### WORK INSTRUCTION
Write the lines below out exactly, dropping each picture.

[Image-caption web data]
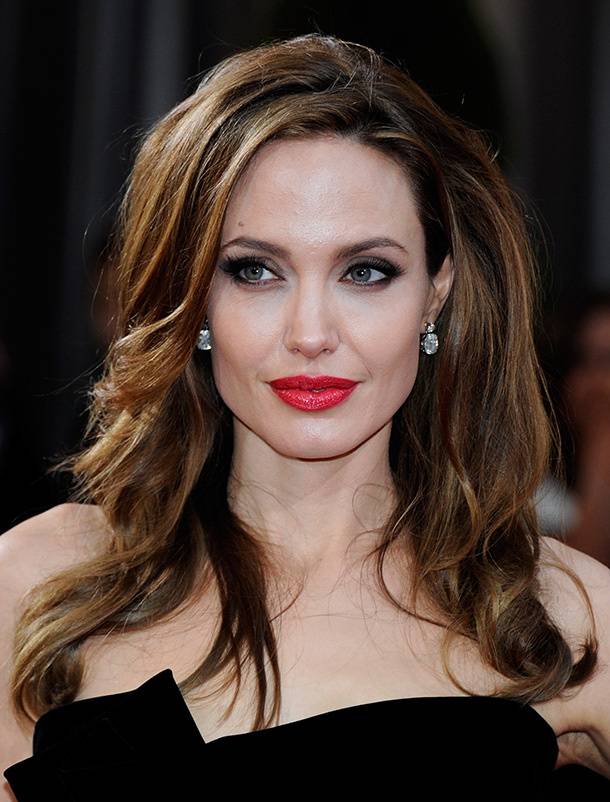 Angelina Jolie: "Non voglio essere single"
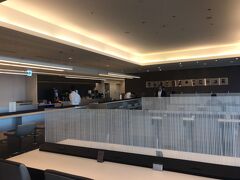 ANA LOUNGE（本館南)です。
便が重なっていたせいか混んでいましたが、入り口から遠かったり、ドリンクコーナーから遠いエリアは空いていました。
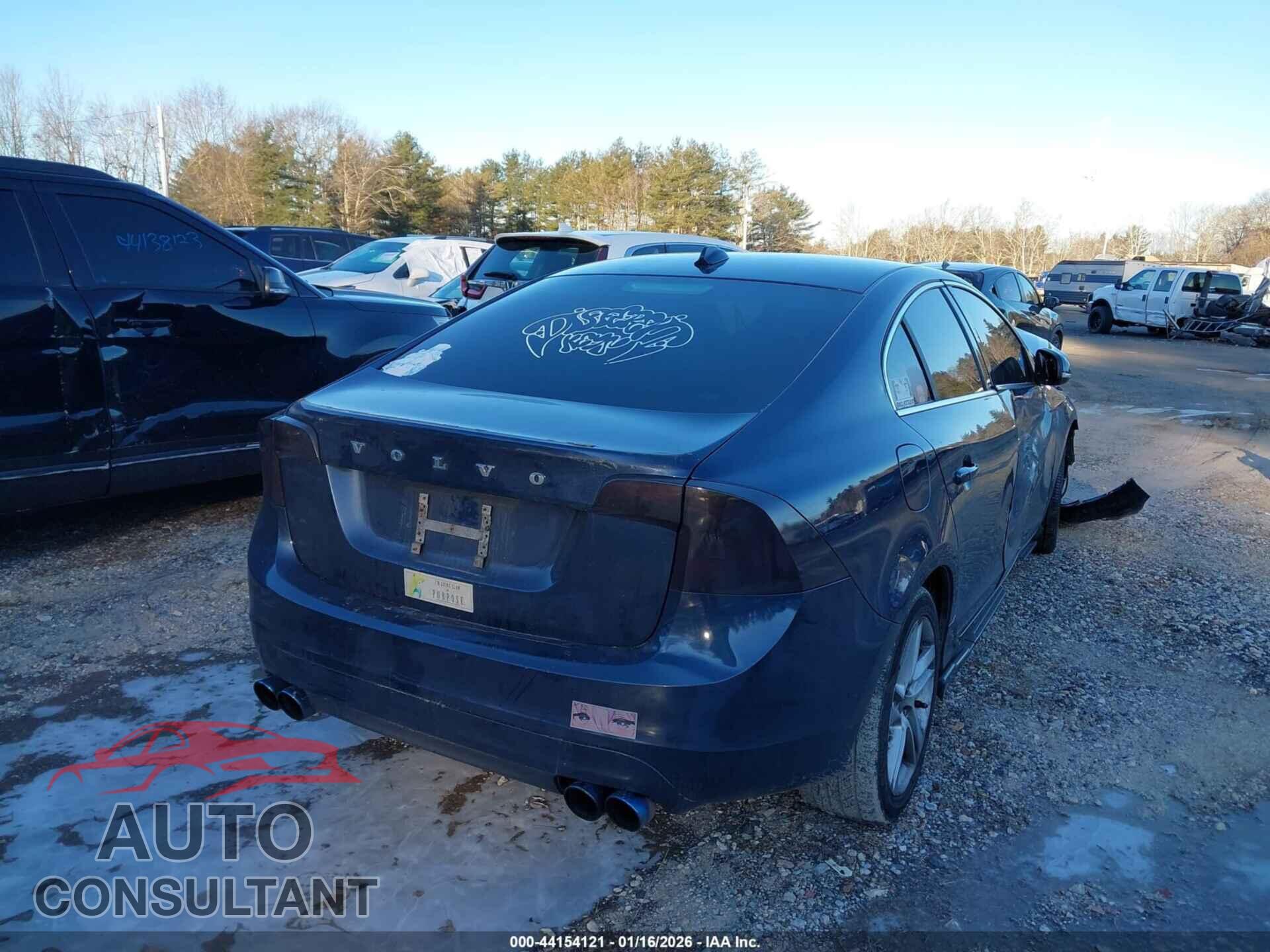 VOLVO S60 2015 - YV1612TK0F2336447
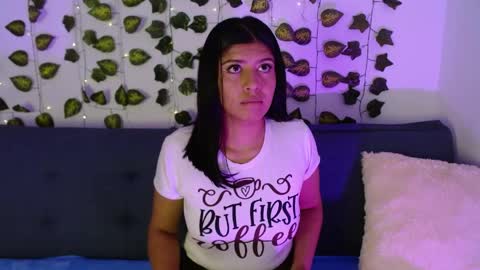 melanie online show from June 4, 10:49 pm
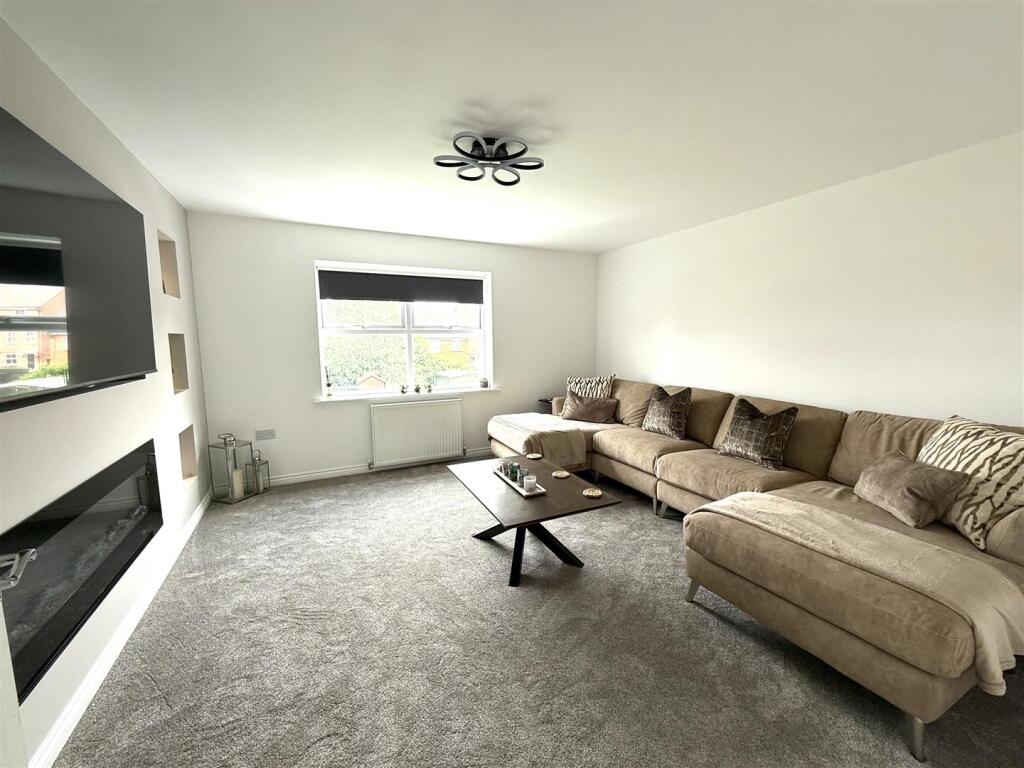 40 lupin lounge 3.jpeg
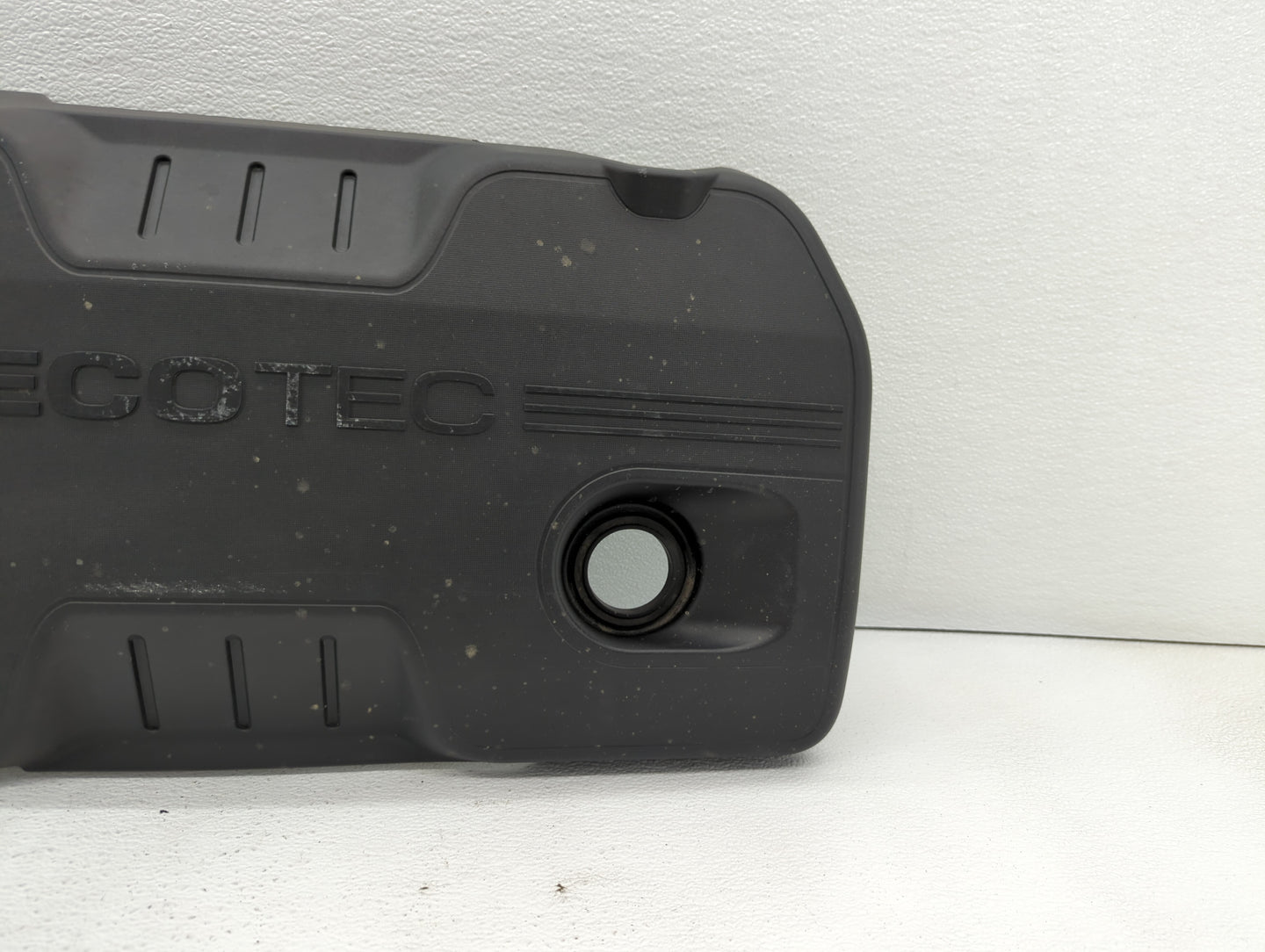 2013 Buick Verano Engine Cover - Oemusedautoparts1.com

### WRITTEN SOLUTION
 Angelina Jolie: "Non voglio essere single"
 ANA LOUNGE（本館南)です。
便が重なっていたせいか混んでいましたが、入り口から遠かったり、ドリンクコーナーから遠いエリアは空いていました。
 VOLVO S60 2015 - YV1612TK0F2336447
 melanie online show from June 4, 10:49 pm
 40 lupin lounge 3.jpeg
 2013 Buick Verano Engine Cover - Oemusedautoparts1.com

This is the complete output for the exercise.